One could imagine the sky as a complex picture of what the universe looks likes. Isolating a small chunk of that complexity can bring a sense of ease in understanding the connectivity of forces and the vastness of the universe; But, it can also create an unsettling feeling in our insignificance in the world. Such dichotomies along with the micro and macro, the day and the night, darkness and lightness, have a huge role in mediating perceptions of reality for us.

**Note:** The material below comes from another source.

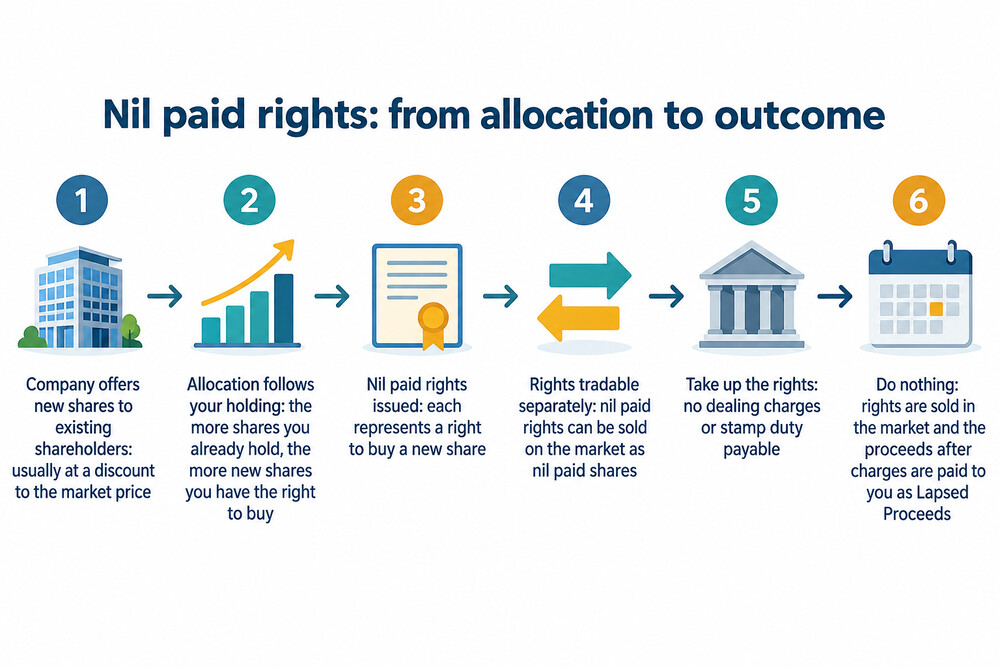 A nil paid rights line on a share dealing screen, showing the rights tradable separately from the shares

Putting that insignificance in perspective of the lives we live today, can be refreshing. Pale Blue Dot is a photograph of planet Earth taken on February 14, 1990, by the Voyager 1 space probe from a record distance of about 6 billion kilometers (3.7 billion miles, 40.5 AU), as part of that day's Family Portrait series of images of the Solar System.

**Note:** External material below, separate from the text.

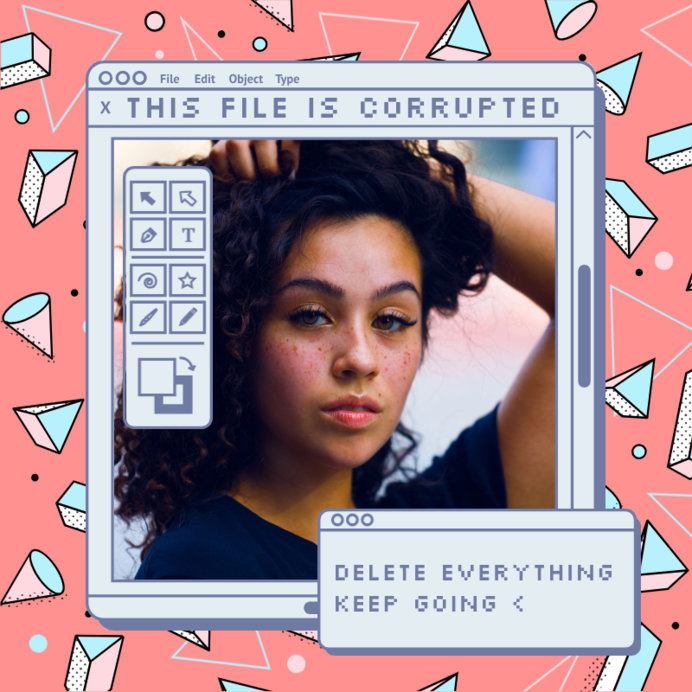 Instagram Post Maker Featuring Retro Computer Program Tabs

In the photograph, Earth's apparent size is less than a pixel; the planet appears as a tiny dot against the vastness of space, among bands of sunlight reflected by the camera. (Wikipedia)

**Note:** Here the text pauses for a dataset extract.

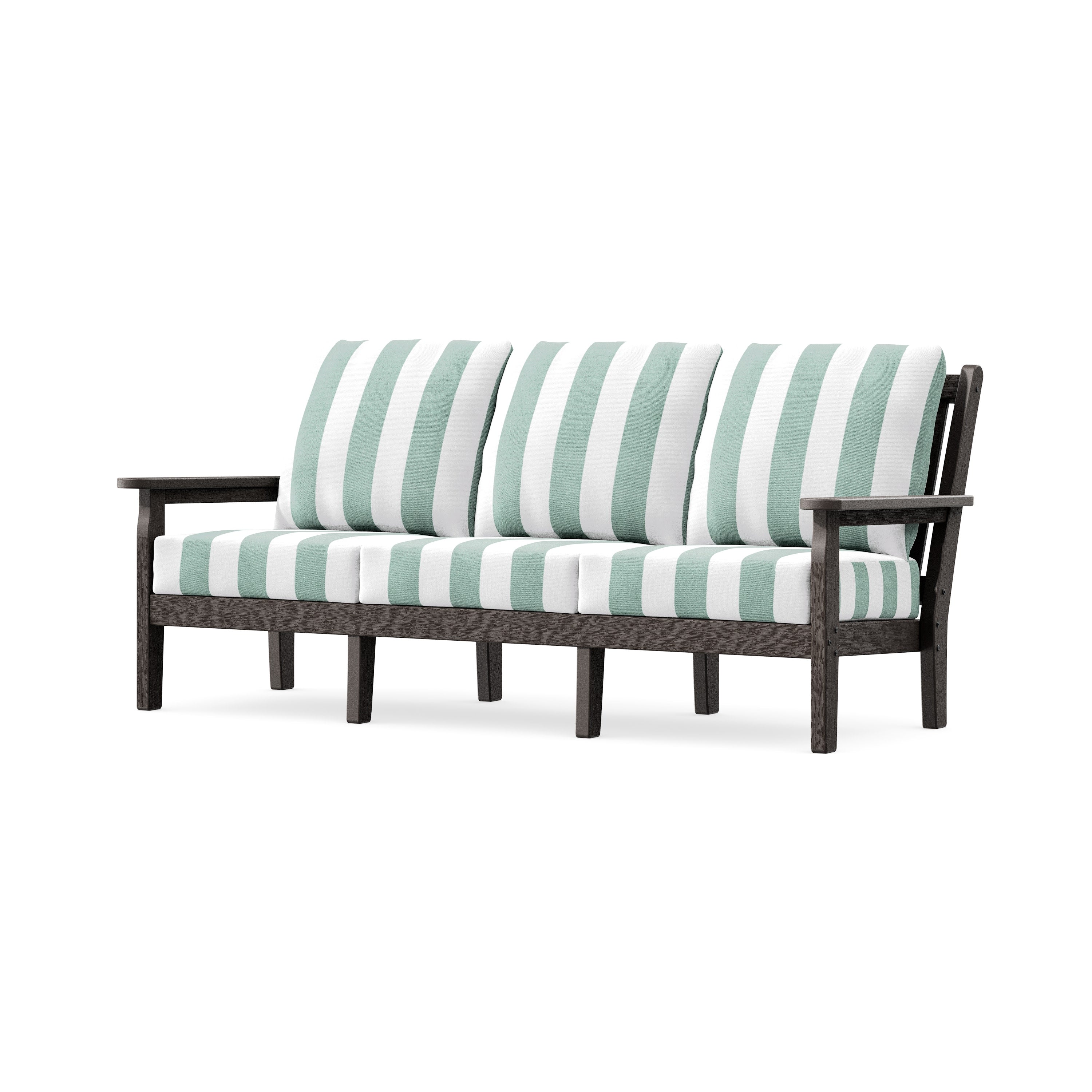 Chippendale Deep Seating Sofa in Vintage Coffee / Cabana Stripe Glacier Spa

A deeper understanding of the Pale Blue Dot in Carl Sagan’s own words is that “the Earth is a very small stage in a vast cosmic arena… Our posturings, our imagined self-importance, the delusion that we have some privileged position in the Universe, are challenged by this point of pale light. It has been said that astronomy is a humbling and character-building experience. There is perhaps no better demonstration of the folly of human conceits than this distant image of our tiny world. To me, it underscores our responsibility to deal more kindly with one another, and to preserve and cherish the pale blue dot, the only home we've ever known. “ (Carl Sagan, Pale Blue Dot, 1994)
Seen from about 6 billion kilometers, Earth appears as a tiny dot (the blueish-white speck approximately halfway down the brown band to the right) within the darkness of deep space.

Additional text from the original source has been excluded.